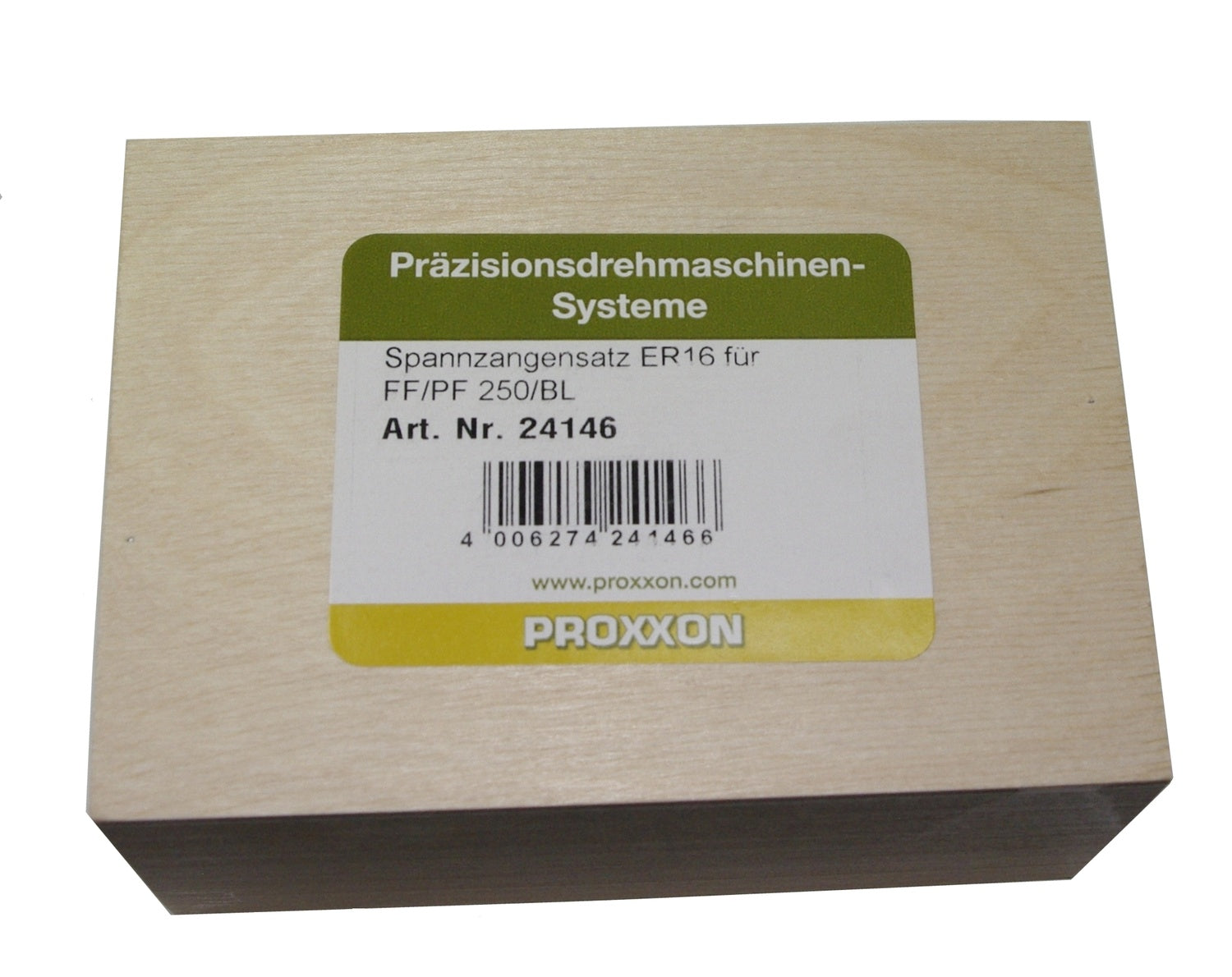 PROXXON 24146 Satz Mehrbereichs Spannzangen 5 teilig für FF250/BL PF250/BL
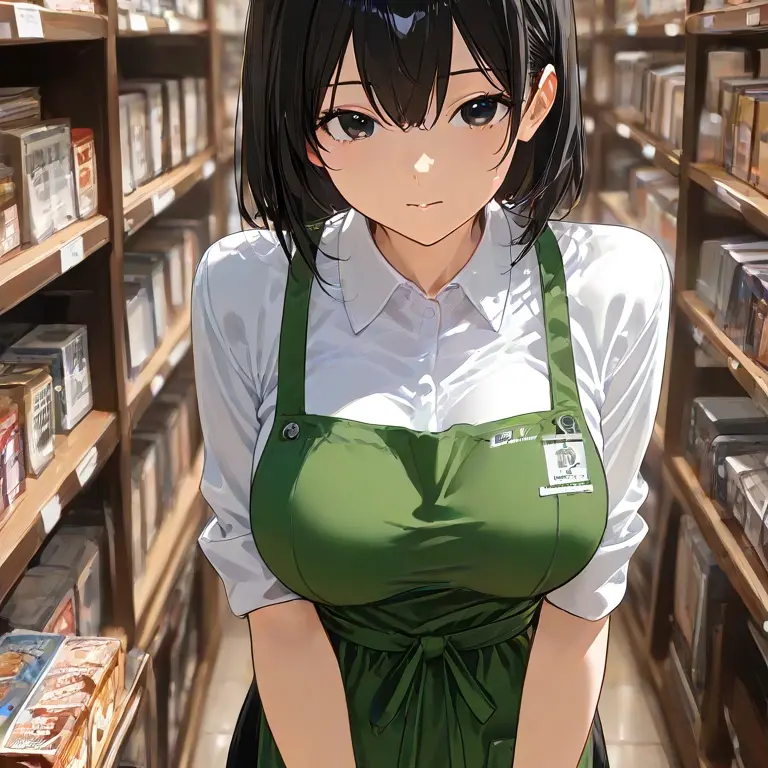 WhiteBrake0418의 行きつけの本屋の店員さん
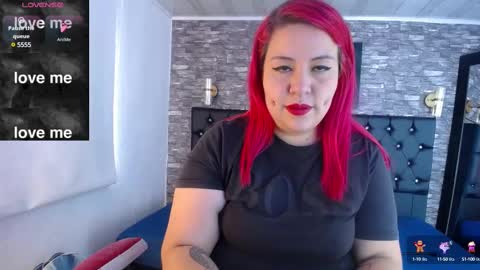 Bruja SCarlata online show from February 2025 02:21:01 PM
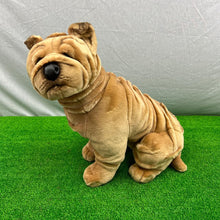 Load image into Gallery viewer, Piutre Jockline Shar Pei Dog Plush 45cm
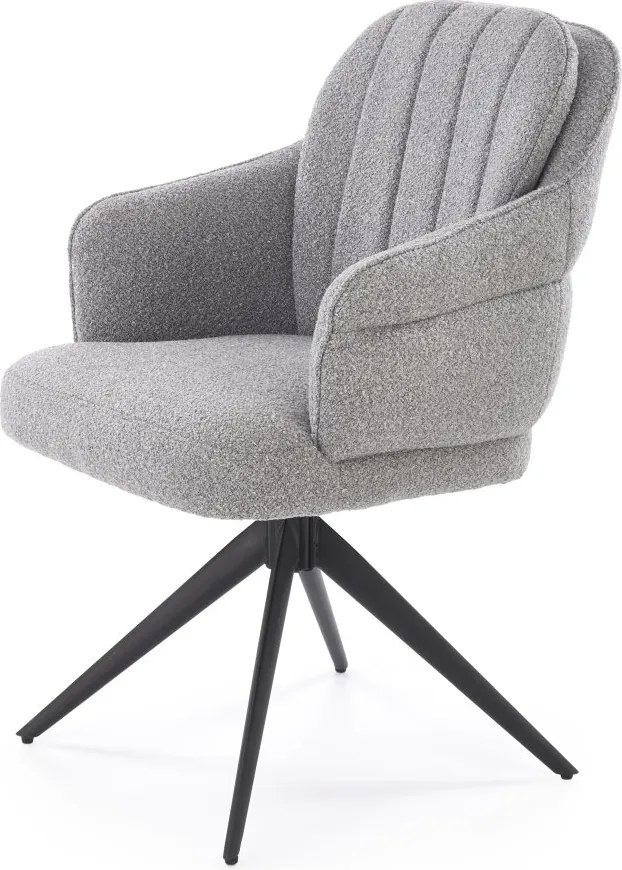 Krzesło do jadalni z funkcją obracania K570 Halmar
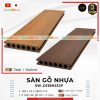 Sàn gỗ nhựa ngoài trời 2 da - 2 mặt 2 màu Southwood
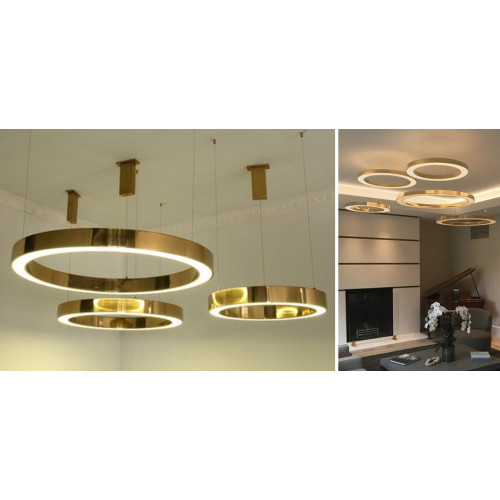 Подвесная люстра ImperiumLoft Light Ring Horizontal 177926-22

════

What is expected: Without the pictures, restate all of the entries above verbatim.

Final answer:
 PROXXON 24146 Satz Mehrbereichs Spannzangen 5 teilig für FF250/BL PF250/BL
 WhiteBrake0418의 行きつけの本屋の店員さん
 Bruja SCarlata online show from February 2025 02:21:01 PM
 Load image into Gallery viewer, Piutre Jockline Shar Pei Dog Plush 45cm
 Krzesło do jadalni z funkcją obracania K570 Halmar
 Sàn gỗ nhựa ngoài trời 2 da - 2 mặt 2 màu Southwood
 Подвесная люстра ImperiumLoft Light Ring Horizontal 177926-22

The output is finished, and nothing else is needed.